Competitiveness through ethical behavior

Sustainability and ethical behavior are key factors for attracting Nordic companies to invest and do business in Africa. Ruth Brännvall from Impact Invest, and a part of the CTS team who joined the Zimbabwean and Zambian Chambers annual meetings in June, spoke on competitiveness. Ruth gave an overview and a roadmap forward challenging the chambers to take the lead on addressing sustainability, ethics and corruption. Business should not copy the corrupt behaviors of many governments in Africa and has an important role to show leadership on ethical behavior. One of these challenges has been taken up by the Zambian Chamber of Commerce who are developing a Code of Good Practice on Ethics for themselves for their members.

On important message to individual companies attending the respective chambers AGM is that there is no time to wait for governments to improve the business climate. Ludvig Olsson from Scandinavian Purchasing Group, pointed to several areas which drive competitiveness on a company level such as innovation, value addition, efficient and sustainable production, supply chain logistics, new sources for market intelligence and maybe most importantly to improve management and leadership. Each area is an opportunity for the chambers to deliver both networks and services to their member companies.

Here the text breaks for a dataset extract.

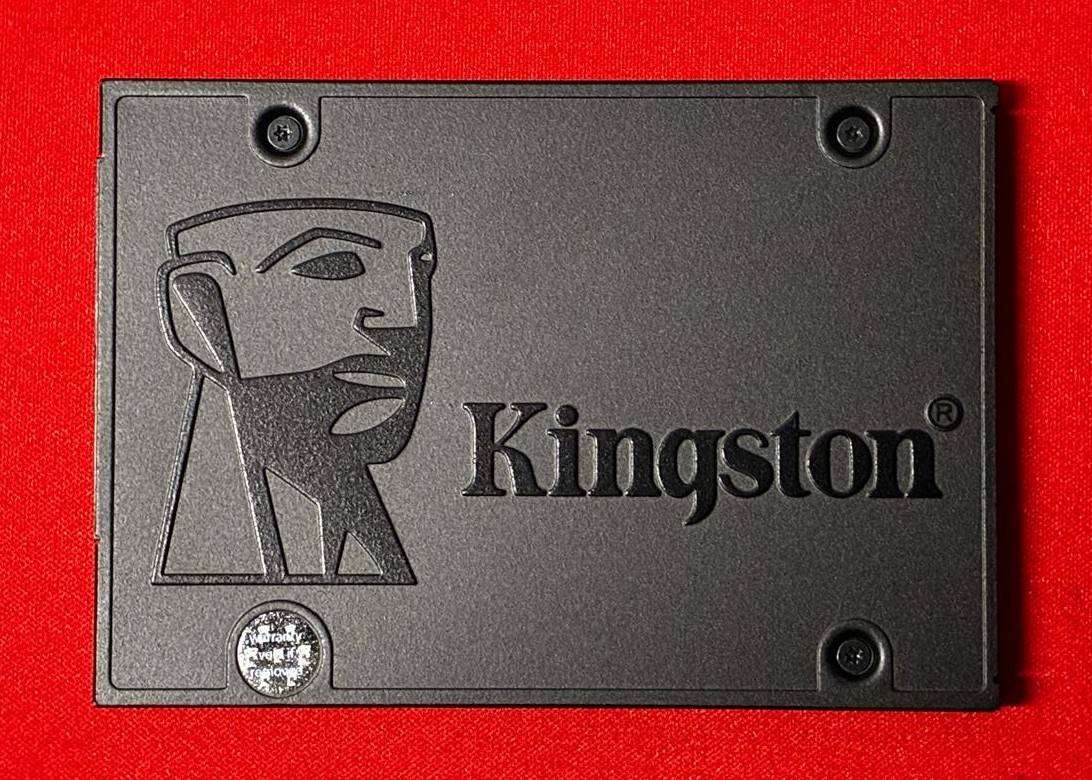 KINGSTON 240GB 2.5 SSD *ONLY 27 DAYS ON TIME*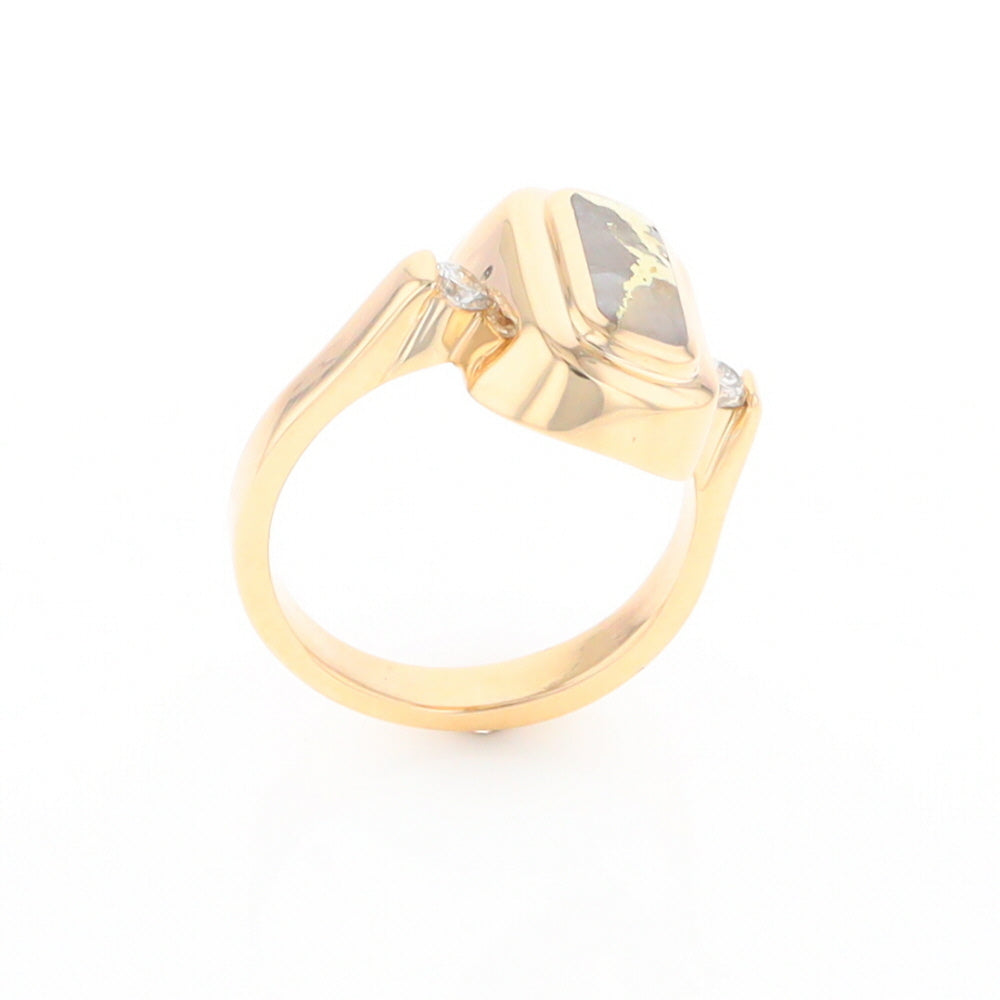 Gold Quartz Ring Oval Inlaid Design with .06ctw Round Diamonds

Zambia’s Honorable Margaret Mwanakatwe, Minister of Industry, Trade and Commerce, challenged the companies in Zambia to shape up their businesses and become more competitiveness.
“You guys and ladies, have the potential. Actualizing that potential is the real challenge. I encourage you to do a real transformation. Think out of the box. No, throw out the box and think freely! Manufacturing in Zambia contributes to only 3 % of our employment and 8% of our GDP. This, my friends, is not enough.”

CTS are continuing the cooperation with the chambers in Zimbabwe and Zambia throughout the year and will focus on industrial developement, ADR and mentorship.